Lyle Manock, auditing manager for the auditor general, said review of the projects while they were in progress would have prevented cost overruns. The report stated NIU did not require cost estimates by the Physical Plant for the remodeling project.

“They (the Physical Plant) don’t have a system to deter costs. A good plan would have prevented it (overspending) from happening,” Manock said. For instance, 80 percent of the interior of the house was repainted three times due to changes in plans, he added. The cost of repainting was estimated to be more than $18,000.

In addition, Manock said work orders for labor and material were not checked regularly, he said. “In general, there is no system to regulate the review of work orders,” Manock added.

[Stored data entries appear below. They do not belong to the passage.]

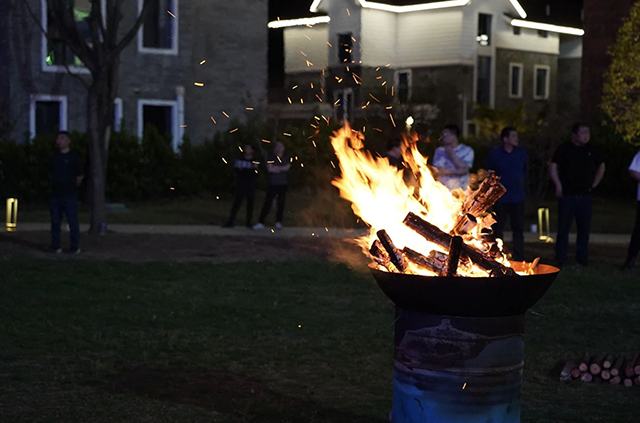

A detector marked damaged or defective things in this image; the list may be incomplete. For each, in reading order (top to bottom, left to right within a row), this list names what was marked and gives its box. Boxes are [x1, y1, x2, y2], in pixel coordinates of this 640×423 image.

rusty metal bowl [370, 262, 560, 318]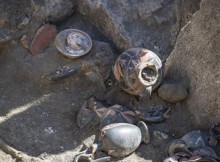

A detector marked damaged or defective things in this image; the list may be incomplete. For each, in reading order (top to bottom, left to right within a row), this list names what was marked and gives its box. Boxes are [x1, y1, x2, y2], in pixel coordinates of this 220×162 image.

corroded metal object [55, 29, 93, 58]
corroded metal object [113, 47, 163, 97]
corroded metal object [90, 122, 150, 158]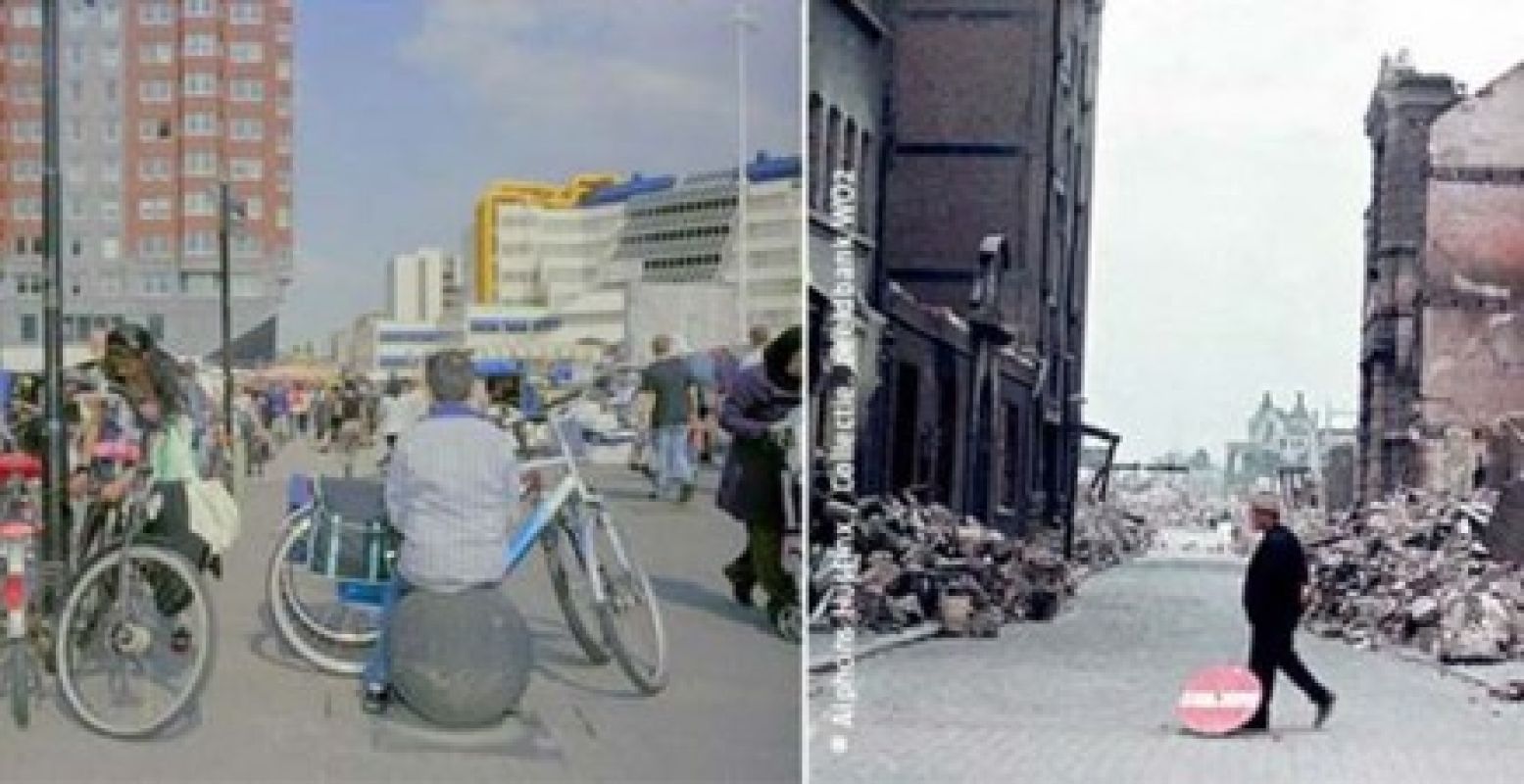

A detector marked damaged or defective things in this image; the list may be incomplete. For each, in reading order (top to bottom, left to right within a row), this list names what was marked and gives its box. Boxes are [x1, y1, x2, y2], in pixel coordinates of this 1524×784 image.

burnt building [811, 0, 1109, 536]
damaged facade [811, 0, 1109, 536]
burnt building [1359, 53, 1524, 506]
damaged facade [1359, 56, 1524, 530]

Conrad Miller was assistant director of the physical plant during the presidential home remodeling. Miller said the work was done by the Physical Plant because “we were responding to the university (priorities) at the time by doing what work had to be done.” The remodeling procedure was “probably not followed as closely as it is today,” Miller said.

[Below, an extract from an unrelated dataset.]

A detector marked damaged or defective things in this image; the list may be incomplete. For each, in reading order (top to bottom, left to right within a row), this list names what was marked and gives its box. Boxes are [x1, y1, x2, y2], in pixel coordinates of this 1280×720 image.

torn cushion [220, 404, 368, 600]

“NIU has a remodeling request form,” Miller said. He said the form is used for all projects to describe the project and its costs. “Today, we are much more cautious” about following what is going on, he said.

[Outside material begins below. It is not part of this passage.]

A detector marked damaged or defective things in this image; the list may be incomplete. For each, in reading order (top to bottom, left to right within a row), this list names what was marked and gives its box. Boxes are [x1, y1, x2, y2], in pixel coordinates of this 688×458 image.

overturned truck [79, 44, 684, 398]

The report also stated NIU needs to adopt more controls within its departments to govern large projects. Miller said he believes NIU has “a good system” with the request forms “to prevent (something like the Wingfield episode) from happening in the future.”

Physical Plant Director John Harrod said he has not had a chance to review all the facts concerning the remodeling. “I am interested in seeing whether state and university regulations were followed,” he said.

State Sen. Patrick Welch, D-Peru, said the results of the report validate his claims of financial discrepancies concerning the Wingfield house. “The (NIU) budget is now under more scrutiny by the legislature than in the past,” Welch said. The houses for all state university presidents now are examined more closely as a result of the Wingfield episode, he said.

Another concern of the report was that NIU does not restrict computer access to budget information, leaving open the possibility for fraud. Manock said the university is lucky no such fraud has occurred yet.

The report also indicated NIU violated the State Finance Act by allowing the NIU Foundation to retain revenue from the sale of football skybox tickets. The act requires all but certain exempt funds to be deposited in the state treasury, Manock said. “Skybox ticket money is not exempt,” he said.

Northern Star Adviser Jerry Thompson said the auditor general’s report “vindicates us from charges made by some people that the Star was sensationalizing and being unfair.” “The report legitimizes the hard work that went into uncovering the whole thing,” he said.

Northern Star articles appeared during the spring of 1986 which revealed the costs for the renovation and furnishing of the presidential home and the presidential inauguration.

Mary Dunne, secretary for the Legislative Audit Commission, a board of six state representatives and six state senators, said the group will schedule a hearing to review the report at its next meeting.